Nor was Tavenham's next remark calculated to restore Hugh's self-respect.

“I heard something that might be useful to you, yesterday. Met a man just back from Hamburg. Told me that everyone over there was talking about war; they expect it before the autumn. Why don't you lay in a big store of hock? German wine may be very hard to get.”

Hugh resented the reference to his occupation. A man in trade, that's how Tavenham thought about him. He assumed a patronizing manner.

“That sounds sense. It's not really my line, of course. But I'll hand it over to the fellow whose job it is.” He paused, fretted by the necessity to restore himself in his own esteem, and Tavenham's. He began an anecdote.

“There's a lot that's very boring about business. But there's a lot that's fun,” he said. “The thing I like about it is the chance it gives you of being able to beat people at their own game. I had an amusing experience the other week, with one of those northern industrialists. You know the type: made of money; thinks everything's for sale; pleased as punch with himself for having more money than the rest have. I was giving a small lunch party—I have to now and then—mostly for clients or prospective clients. Though I'd never sold anything to this particular fellow, and didn't much care whether I did or not. He interested me, in himself, as a man whose entire world was bounded by bank notes. Well, I gave this lunch party, here. I brought my own wines with me. They were chosen pretty carefully, you can believe me. It was the kind of lunch where there was just not too much drink, so that a man would not only feel he was having a good time while he was there, but would go on thinking it, three hours later.

“I hoped, of course, that at least one of them would ask me about the wines afterwards, would place a pretty considerable order with me, I'd got a hock that was something special. But I didn't
expect hock to appeal to this particular fellow. He was the kind that calls champagne wine and doesn't think that there are any other wines; that really only likes what he'd call short drinks: port, whisky, brandy. I noticed from the way he held the port in his mouth that he was enjoying it. He took a second sip quickly, then a third and longer one. ‘Young man,' he said, ‘that's pretty good port you have given me. I don't care what it stands me in. You can put me down for a pipe of it.'

“It was a pretty awful thing to do, of course. There's a convention that when two men are having a business lunch they don't start talking business till they've reached the coffee; when there are several men and you're trying to sell something to them separately, you're supposed to pretend they're not there for anything but the pleasure of each other's company. It's silly, but it's one of the rules of the game. There was a very surprised hush, all round the table. Luckily I kept my head.

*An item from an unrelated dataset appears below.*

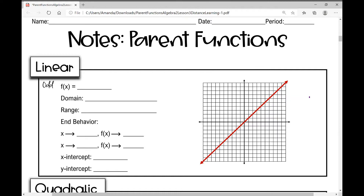Let's get started on your notes over parent functions. A function family is a set of functions with similar characteristics, and a parent function is the simplest function with these characteristics. We're going to look at nine different parent functions today and identify some characteristics for each one.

“‘I shouldn't do that, if I were you,' I said.

“He was so surprised that he couldn't do more than gape. I don't suppose that in his whole life he had seen an order treated in that way. ‘What on earth do you mean?' he said.

“‘Just that a port like this wouldn't be any use to a person like yourself, who does most of his entertaining at home and in the evening. A port like this is very pleasant for lunch, when you don't want to drink more than a glass. But it's too rich, and sweet, for you to take more than a couple of glasses, as you'd want to, more likely than not, in the evening. I'll tell you what. I'll send you down a couple of bottles, and if you still want that pipe of it, I'll be surprised.'

“I've never seen anyone have the wind so completely taken out of their sails.”